“Observations”
by: Donald S. Conkey
Date:
16 October 2008 - # 8842 - Columbus Day 2008 (810)
How many noticed that Monday was another national holiday – Columbus Day?
Few, I suspect. Perhaps we wondered why the mail wasn’t delivered Monday. It was because it was the 516th
anniversary of October 12, 1492, the day Columbus landed on Watling Island in the Bahamas - discovering America.
Other explorers had visited America prior to 1492 but it was left to Columbus to be the one who would prepare the Europeans to colonize
America beginning
in 1607 at Jamestown. The other explorers have faded into history leaving Columbus to be immortalized as the great discoverer of America. History records many stories about Columbus. Some are true,
many are myth, but all are interesting.
In 1792 New York City celebrated the 300th anniversary of
Columbus’
landing.
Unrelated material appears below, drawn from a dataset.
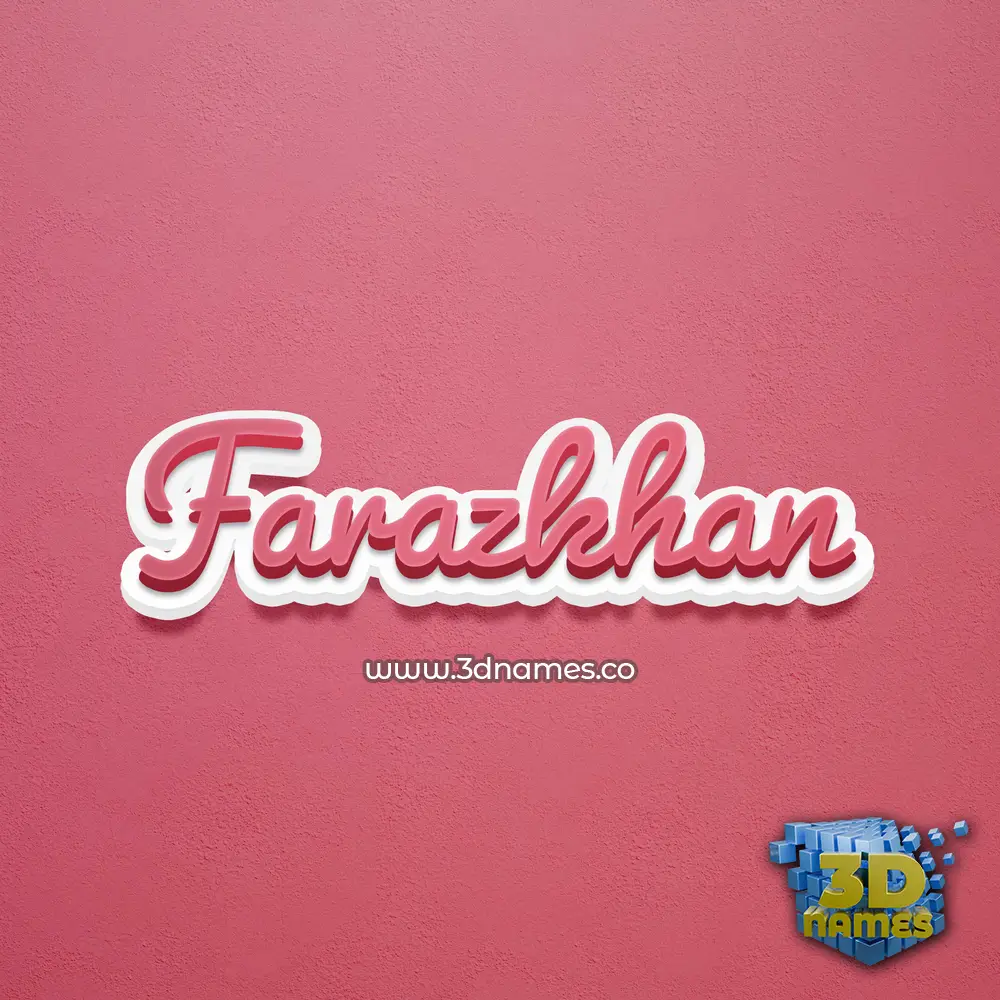 farazkhan in Red Scribble style - 3D name wallpaper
In 1892 President Benjamin Harrison called upon the people of the United States to celebrate Columbus Day on the 400th
anniversary of his landing. Columbus Day has been celebrated annually since 1920 in some form or fashion, and in 1971 Congress
declared the second Monday of October a legal holiday to honor Columbus and his discovery of America. Columbus Day had become a part of America’s culture.
One of the myths
circulated about Columbus is that he believed the world was flat. Dr. Samuel Elliott Morison, a Harvard professor, in his book “Admiral
of the Ocean Sea,” clarified this myth with these words: “... of all the vulgar errors connected with Columbus,
the most persistent and the most absurd is that he had to convince people ‘the world was round.’ Every educated
man in his day believed the world to be a sphere...” Morison further states that around 200 B.C.
Eratosthenes, a Greek, had guessed, rather accurately, the distance around the earth. Columbus, however, felt his distance was over estimated.
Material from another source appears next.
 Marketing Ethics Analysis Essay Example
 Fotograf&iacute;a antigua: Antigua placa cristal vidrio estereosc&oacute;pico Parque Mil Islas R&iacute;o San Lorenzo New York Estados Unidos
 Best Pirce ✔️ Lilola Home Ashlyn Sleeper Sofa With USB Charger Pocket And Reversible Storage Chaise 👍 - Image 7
There is little doubt Columbus felt he had a divine commission to accomplish his mission and felt he could not fail.
Jacob Wasserman, in his ‘Don Quixote of the Seas.’ quotes from Columbus’ letter to Spain’s King Ferdinand these words: “I
came to your Majesty as the Emissary of the Holy Ghost.” Later he wrote: “The Lord was well disposed to my desire,
and he bestowed upon me courage and understanding. ... Our Lord with provident hand unlocked my mind, sent me upon the sea,
and gave me fire for the deed. Those who heard of my emprise called it foolish, mocked me, and laughed, but who can doubt
but that the Holy Ghost inspired me?” His feat was seen as his faith in action, sustained by the Holy Ghost.
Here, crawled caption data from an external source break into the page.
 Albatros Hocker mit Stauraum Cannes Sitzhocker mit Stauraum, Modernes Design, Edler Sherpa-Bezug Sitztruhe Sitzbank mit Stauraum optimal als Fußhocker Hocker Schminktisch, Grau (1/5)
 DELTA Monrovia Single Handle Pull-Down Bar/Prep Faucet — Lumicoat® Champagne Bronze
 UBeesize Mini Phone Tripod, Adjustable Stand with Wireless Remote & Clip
Ancient archaeological records sustain Columbus’ belief that his mission was divine with these words: “And it came
to pass that I looked and beheld many waters; and they divided the Gentiles (Europeans) from the seed of my brethren (Native
Americans). And it came to pass that the angel said unto me: Behold the wrath of God is upon the seed of thy brethren. And
I looked and beheld a man (suggesting Columbus) among the Gentiles, who was separated from the seed of my brethren by the
many waters; and I beheld the Spirit of God, that it came down and wrought upon the man; and he went forth upon the many waters,
even unto the seed of my brethren, who were in the promised land.”
Note the timing of Columbus’ discovery
— Europe’s
Renaissance was about to end; the Reformation was about to begin, and 115 years later, in 1607, the first European colony
took root at Jamestown. Thirteen years later the persecuted Pilgrims landed at Plymouth Rock. The flood gates to America for Europe’s religiously persecuted people
had been opened. By 1776, with three million feisty God fearing and freedom loving Scots, Welsh, and English in the colonies,
it was time for the Lord to raise up 56 free spirited men, men He had endowed with a strong spirit of freedom, to declare
their independence from an oppressive English king.